# trim tabs



## jdoaks (Jul 2, 2011)

does anybody know how far down they go past horizontal? if any brand goes down farther than another. thanks jeff


----------



## Buckeye Ron (Feb 3, 2005)

jdoaks,

see it this may help you in your question.

http://www.westmarine.com/WestAdvisor/Selecting-and-Installing-Trim-Tabs

Ron


----------



## jdoaks (Jul 2, 2011)

I read it don't see my answer thanks


----------



## jeff rod builder (Sep 21, 2014)

you may want to look at bennit trim tabs. Also they need to be sized for your boat they are made in different sizes. Also some tabs will go down further than others but you need to do the research on them.


----------



## Kwall (Feb 12, 2014)

I put limited space one on my Starweld and it probably the best add on I've done no more pounding they are Lenco elec


----------



## jdoaks (Jul 2, 2011)

that's what I would be putting them on just wandering how much they would slow my troll. id like to get rid of my trolling plate


----------



## Kwall (Feb 12, 2014)

jdoaks said:


> that's what I would be putting them on just wandering how much they would slow my troll. id like to get rid of my trolling plate


I'm not to sure how much they would slow your troll down, I use a kicker, but when is ruff out I can push the bow down for a smoother ride ,next time I'm out I can see how slow I can get my main motor down to if that helps


----------



## fishhogg (Apr 16, 2009)

They will not slow your troll very much if at all.
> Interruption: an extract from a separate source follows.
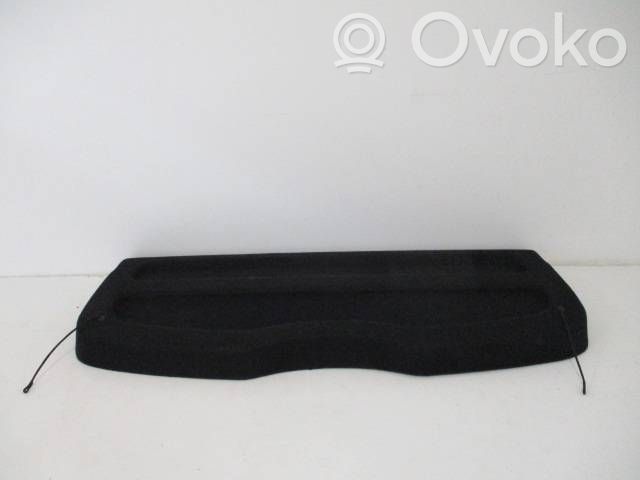 Citroen C3 Hutablage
If you want to get rid of your troll plate, you can always go to a couple of troll bags.


----------



## jdoaks (Jul 2, 2011)

I fish some small lakes as well as erie need reverse to much for bags . i can get close to 2 just need a little more help. more for better ride but if I can get rid of plate that would be great let me know if you try it and how much it slows you down I could get 1 size larger thank you jeff


----------



## Shortdrift (Apr 5, 2004)

jdoaks said:


> I fish some small lakes as well as erie need reverse to much for bags . i can get close to 2 just need a little more help. more for better ride but if I can get rid of plate that would be great let me know if you try it and how much it slows you down I could get 1 size larger thank you jeff


Bags should not prohibit you from using reverse. Bags are installed to ride forward of the aft section. The bags will also reduce he surge on a downwind leg in rough seas and stabilize your boat overall.


----------



## Popspastime (Apr 1, 2014)

Trim tabs will NOT slow you down at all. Throw a couple bags out if needed or get a smaller motor. Trim tabs are designed to level the craft or raise and lower the bow while running.


----------



## Skeet1 (Jan 10, 2013)

Popspastime said:


> Trim tabs will NOT slow you down at all. Throw a couple bags out if needed or get a smaller motor. Trim tabs are designed to level the craft ont oor raise and lower the bow while running.


They w


----------



## Skeet1 (Jan 10, 2013)

They won't slow your speed much but they can help compensate against a strong breeze.


----------



## jdoaks (Jul 2, 2011)

i just got a chance to look at a boat almost like mine with 12/9 tabs on it . they go down farther than I thought. he said would never have a boat without them. and they do slow him down a little.


----------



## jdoaks (Jul 2, 2011)

thanks for the help


----------



## Kwall (Feb 12, 2014)

My tabs are 4/ 12 that really don't slow me down but I wouldn't own. A boat without them


----------



## jmob (Jun 28, 2014)

http://www.nauticusinc.com/nauticus_pro_troller.html

Smart Tabs have a trolling version but you'd have to reach over the back of your boat.


----------



## jdoaks (Jul 2, 2011)

I wanted them more for smoothing out the ride but if they slow me down a tad that's just a bonus. anyhow I just ordered them again thanks for the help ill let you know how they work out


----------



## KaGee (Sep 8, 2006)

Don't depend on tabs to slow the troll speed. Use bags for that.


----------



## Kwall (Feb 12, 2014)

jdoaks said:


> I wanted them more for smoothing out the ride but if they slow me down a tad that's just a bonus. anyhow I just ordered them again thanks for the help ill let you know how they work out


They will smooth out your ride , keep the bow down so you ain't bounce around


----------



## Rednek (Nov 6, 2006)

The max deflection that a Lectrotab can do is 21 degrees. Lectrotab says past 21 degrees you are no longer providing any benefit of stern lift and only adding to the drag. I had to install the short actuators and I will only get about 16 degrees of deflection. 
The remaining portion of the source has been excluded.